# PROBLEM TO SOLVE
Using the listing below, print exactly everything from the line with "Personalized Australian Solider/" down to the line with "Full Iced Out", both included, and nothing more.

# RECORD EXTRACTS
###
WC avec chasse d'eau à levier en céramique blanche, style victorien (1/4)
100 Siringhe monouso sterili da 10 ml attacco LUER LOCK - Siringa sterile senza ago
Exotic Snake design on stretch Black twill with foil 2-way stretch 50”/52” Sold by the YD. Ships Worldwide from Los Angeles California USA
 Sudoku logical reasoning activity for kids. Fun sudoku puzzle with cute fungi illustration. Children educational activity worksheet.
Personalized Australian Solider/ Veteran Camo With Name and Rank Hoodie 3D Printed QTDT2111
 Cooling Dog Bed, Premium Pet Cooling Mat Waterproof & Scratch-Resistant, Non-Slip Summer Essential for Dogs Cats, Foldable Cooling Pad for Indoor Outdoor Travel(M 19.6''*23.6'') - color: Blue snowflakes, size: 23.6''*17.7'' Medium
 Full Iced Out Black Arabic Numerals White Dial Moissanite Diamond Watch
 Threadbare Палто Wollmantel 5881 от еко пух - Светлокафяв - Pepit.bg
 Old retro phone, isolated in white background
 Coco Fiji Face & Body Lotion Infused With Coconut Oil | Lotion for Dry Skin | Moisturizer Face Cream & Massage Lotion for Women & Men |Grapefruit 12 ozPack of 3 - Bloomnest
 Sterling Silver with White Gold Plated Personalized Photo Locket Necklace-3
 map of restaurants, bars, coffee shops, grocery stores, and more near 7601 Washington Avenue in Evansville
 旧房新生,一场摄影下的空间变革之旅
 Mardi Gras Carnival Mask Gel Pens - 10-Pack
###
# RESULT FOR THIS TASK
Personalized Australian Solider/ Veteran Camo With Name and Rank Hoodie 3D Printed QTDT2111
 Cooling Dog Bed, Premium Pet Cooling Mat Waterproof & Scratch-Resistant, Non-Slip Summer Essential for Dogs Cats, Foldable Cooling Pad for Indoor Outdoor Travel(M 19.6''*23.6'') - color: Blue snowflakes, size: 23.6''*17.7'' Medium
 Full Iced Out Black Arabic Numerals White Dial Moissanite Diamond Watch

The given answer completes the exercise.